Founded in 2017, ZenLedger intends to use this latest funding round to launch a dashboard that integrates crypto portfolio tracking and tax details into one regularly-updated destination. The startup has now raised a total of $11.5 million in funding to date. ZenLedger claims to have boosted its customer base and revenue by more than 500% apiece on a year-over-year basis, with some $5 billion worth of crypto transactions processed to date.
Bloccelerate VC led this latest Series A funding round. Along with Cuban’s Radical Ventures, new investors G1 VC, Borderless Capital, 4RC, Centrality, BIGG Digital Assets, and CoinGecko participated in the round, as well as new angel investors Jon Staenberg and Darren Lau.
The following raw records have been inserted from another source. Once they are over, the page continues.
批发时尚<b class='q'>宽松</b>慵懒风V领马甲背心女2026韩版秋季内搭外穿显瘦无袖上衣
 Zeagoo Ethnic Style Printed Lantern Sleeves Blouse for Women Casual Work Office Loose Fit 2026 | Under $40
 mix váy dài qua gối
Previous investors Vestigo Ventures, Castle Island Ventures, Migration Capital, Blackwater Capital, and Karl Muth all recommitted with this latest round.
The United States government has gradually stepped up its enforcement of crypto tax reporting in recent years. The Internal Revenue Service (IRS) sent warning letters to more than 10,000 crypto users in 2019 and 2020, and added a prominent question about cryptocurrency usage to its 1040 form for the 2020 tax year.
Congress aims to generate as much as $28 billion for its infrastructure bill by expanding the definition of a crypto broker for tax purposes, but crypto industry advocates claim that it will increase financial surveillance. Critics also allege that the language—which was tweaked and refined over the weekend—is currently too vague and could affect network participants who cannot feasibly comply with increased reporting demands, such as cryptocurrency miners and transaction validators for proof-of-stake blockchain networks.
The Electronic Frontier Foundation (EFF) has criticized the bill, and crypto think tank Coin Center and other industry representatives are working with US Senators to amend the bill before it potentially passes and is sent on to the House of Representatives.